Please explain how holding to the concept of null hypothesis is materialistic. How is parsimony grounded in physical reality? Why is paying attention to things like confirmation bias against spirituality? You claim that to know the spirit you must forget the materialistic paradigm of science, but the things you change about science have nothing to do with materialism, not as the word is defined.

You tell us we need to look past our materialistic bias and when we ask how, you tell us we need to be biased, just in your way instead of ours.

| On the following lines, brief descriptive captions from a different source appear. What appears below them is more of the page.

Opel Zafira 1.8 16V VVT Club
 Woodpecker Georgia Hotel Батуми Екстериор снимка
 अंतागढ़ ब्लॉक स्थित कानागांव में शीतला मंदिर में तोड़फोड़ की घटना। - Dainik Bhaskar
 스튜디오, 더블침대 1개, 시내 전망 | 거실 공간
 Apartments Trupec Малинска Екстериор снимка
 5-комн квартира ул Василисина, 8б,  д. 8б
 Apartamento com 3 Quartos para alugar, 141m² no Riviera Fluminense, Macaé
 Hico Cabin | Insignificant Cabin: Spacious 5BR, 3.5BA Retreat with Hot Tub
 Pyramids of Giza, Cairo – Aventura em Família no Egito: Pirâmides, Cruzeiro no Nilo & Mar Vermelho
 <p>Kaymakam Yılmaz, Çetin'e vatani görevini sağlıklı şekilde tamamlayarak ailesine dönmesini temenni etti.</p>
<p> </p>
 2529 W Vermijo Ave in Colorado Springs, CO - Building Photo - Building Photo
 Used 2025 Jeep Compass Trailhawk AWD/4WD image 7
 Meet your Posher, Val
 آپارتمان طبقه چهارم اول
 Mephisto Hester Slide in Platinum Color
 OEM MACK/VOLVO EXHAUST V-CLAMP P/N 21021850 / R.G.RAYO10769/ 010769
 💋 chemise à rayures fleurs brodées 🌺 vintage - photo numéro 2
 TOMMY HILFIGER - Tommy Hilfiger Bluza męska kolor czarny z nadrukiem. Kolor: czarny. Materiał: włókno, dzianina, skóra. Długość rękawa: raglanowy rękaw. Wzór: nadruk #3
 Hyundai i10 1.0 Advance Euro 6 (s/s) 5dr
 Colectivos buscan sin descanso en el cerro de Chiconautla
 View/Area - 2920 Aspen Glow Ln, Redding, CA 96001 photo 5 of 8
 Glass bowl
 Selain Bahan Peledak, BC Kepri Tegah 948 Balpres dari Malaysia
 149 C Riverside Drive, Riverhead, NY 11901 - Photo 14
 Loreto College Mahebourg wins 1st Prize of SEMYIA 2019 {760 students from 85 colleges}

Your ideas do not agree with materialism, dualism or idealism, which are the only three possible schools of thought on consciousness. You can either believe consciousness is a result of the brain (materialist) that is has nothing to do with the brain (idealist) or that is it a combination of the two (dualism). When your claims go against materialism you want to side with idealism or dualism, but when they go against dualism you want to use materialism to reconcile. You are in a category by yourself because your beliefs do not make sense or even hold an internal consistency, there is no discipline, just what feels right to you at any given time.


----------



## Doer (Sep 5, 2012)

cannabineer said:


> Not my fight, but the ambulatory one was putting that up as one of the extremes.
> Also, Hindus and Buddhists believe that the physical world is an illusion and obstruction from studying true reality. It is an interesting idea, one hard to expunge when it takes hold. It has memetic power. I want some cookies. cn


In the world of duality, up/down, left/right, good/evil..in a world of paired opposites, we see the illusion only. There is only one Reality. Our perceptions of it is the unique snowflake of Consciousness. Our ability to see and experience this Objective, generally agreed upon side, is part of Consciousness, not necessarily all of Consciousness.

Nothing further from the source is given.